Ah, thanks, I was going to ask to try that release. Can you run "/tmp/bgoglin_hwloc/bin/hwloc-info root | grep SoC" ?

jlinford@fc01-gg01:~$ /tmp/bgoglin_hwloc/bin/hwloc-info root | grep SoC
 info SoC0ID = jep106:036b:0241
 info SoC0Family = jep106:036b
 info SoC0Revision = 0x00000101

Try this on top of the previous git snapshot. I was reading soc_id too late.

--- a/hwloc/topology-linux.c
+++ b/hwloc/topology-linux.c
@@ -7603,6 +7603,7 @@ hwloc_look_linuxfs(struct hwloc_backend *backend, struct hwloc_disc_status *dsta
   if (data->need_global_infos) {
     hwloc_gather_system_info(topology, data);
     hwloc_linuxfs_check_kernel_cmdline(data);
+    hwloc__get_soc_info(data, topology->levels[0][0]);
   }
 
   if (dstatus->phase == HWLOC_DISC_PHASE_CPU) {
@@ -7664,7 +7665,6 @@ hwloc_look_linuxfs(struct hwloc_backend *backend, struct hwloc_disc_status *dsta
  out:
   if (data->need_global_infos) {
     hwloc__get_dmi_id_info(data, topology->levels[0][0]);
-    hwloc__get_soc_info(data, topology->levels[0][0]);
     hwloc__add_info(&topology->infos, "Backend", "Linux");
     /* data->utsname was filled with real uname or \0, we can safely pass it */
     hwloc_add_uname_info(topology, &data->utsname);

I pushed the fix in the PR. Can you verify that the tarball at https://ci.inria.fr/hwloc/job/basic/view/change-requests/job/PR-635/ works fine ?

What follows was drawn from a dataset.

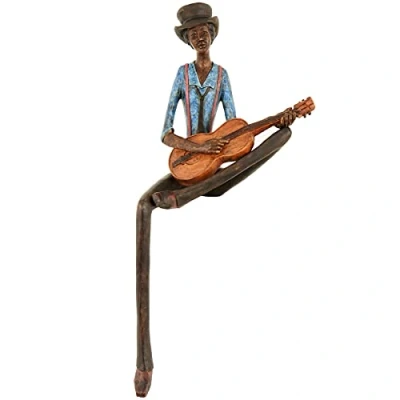Image of Hill 1975 Sitting Jazz Band Strings, RESIN, Brown/Blue, 11 x 17 42 cm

Then can you also check the tarball at https://ci.inria.fr/hwloc/job/bgoglin/588/ ? It's a backport to hwloc 2.x, which will become the new hwloc 2.10 very soon.

Is it possible to get a dump of /sys of a Grace node for future regression testing? You'd have to run "hwloc-gather-topology grace" from one of these tarballs and send the generated "grace.tar.bz2". If it's too sensible to go in the public repository, I'd still like to get one for myself.

I am going to release 2.10rc1 with this change since I don't want to delay it any further. Hopefully you'll have time to test it before the final 2.10 release next week.

It works great, thanks!

jlinford@fc01-gg01:~$ /cm/shared/apps/hwloc/2.10rc1/bin/hwloc-ls --cpukinds
CPU kind #0 efficiency 0 cpuset 0x0000ffff,0xffffffff,0xffffffff,0xffffffff,0xffffffff
  FrequencyMaxMHz = 3411
  LinuxCapacity = 1024

And can confirm that HWLOC_CPUKINDS_HOMOGENEOUS=0 restores the original behavior. Nice feature, thanks for that.

I generated grace.tar.bz2 but it contains a lot of information. I suggest we wait until production Grace systems are deployed (very soon) and then I'll generate a file we can share publicly.

Ok, thanks!